The case arose when irate parents objected to the Palmdale School District's giving their children, including first graders, a questionaire including sexually explicit questions, along the lines of whether the children played with their "private parts", had sexual feelings, and so on. Parents asserted a constitutional right not to have the school introduce young children, many of whom do not yet know where babies come from, to concepts such as masturbation, sexual abuse, and sex generally. However foolish the notion may be that parents should want to shield first graders from intrusive sexual investigation, one can understand how, in a world of expansive conceptions of sexual privacy, they could have imagined they had such a ridiculous privilege.

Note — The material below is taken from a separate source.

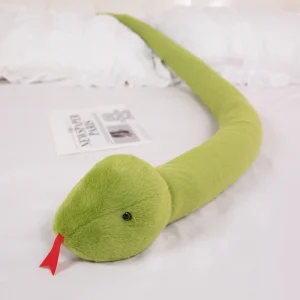 Snake gosedjur i form av en lång plyschkudde med söt design och färgglatt mönster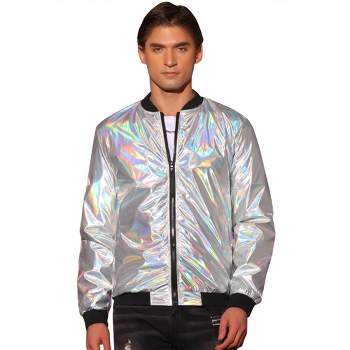 Lars Amadeus Men's Zipper Disco Holographic Bomber Jacket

But no more. They have been educated, as harshly as their children, by the Ninth Circuit. . . .
This is really an important lesson for everyone interested in constitutional law. We frequently jump to the conclusion that words like "privacy" mean what they mean in ordinary contexts. But this is not so. "Privacy" does not mean such things as a family exercising control over whether state employees ask their six year olds about their private parts and whether they ever touch them. (After all, what possible motive could a teacher have for posing such a question, other than a benign one? What possible dangers could such questions pose?) It means something much more complicated than that. Thus, the right to privacy includes the right to choose to terminate the life-like process of an otherwise about-to-be-born non-person person-like post-fetal entity, but not to control the early education of such entity in its early stages of personhood, once that small person or near-person has been put into the hands of the state educational system. That is, to strip the point of its many deeply intriguing nuances, you may kill the thing, but not control its education; the former is privacy, the latter is not.
If only Judge Reinhardt's "principled" view of privacy had been understood by the U.S. Supreme Court in 1965 (Griswold v. Connecticut) and 1973 (Roe v. Wade).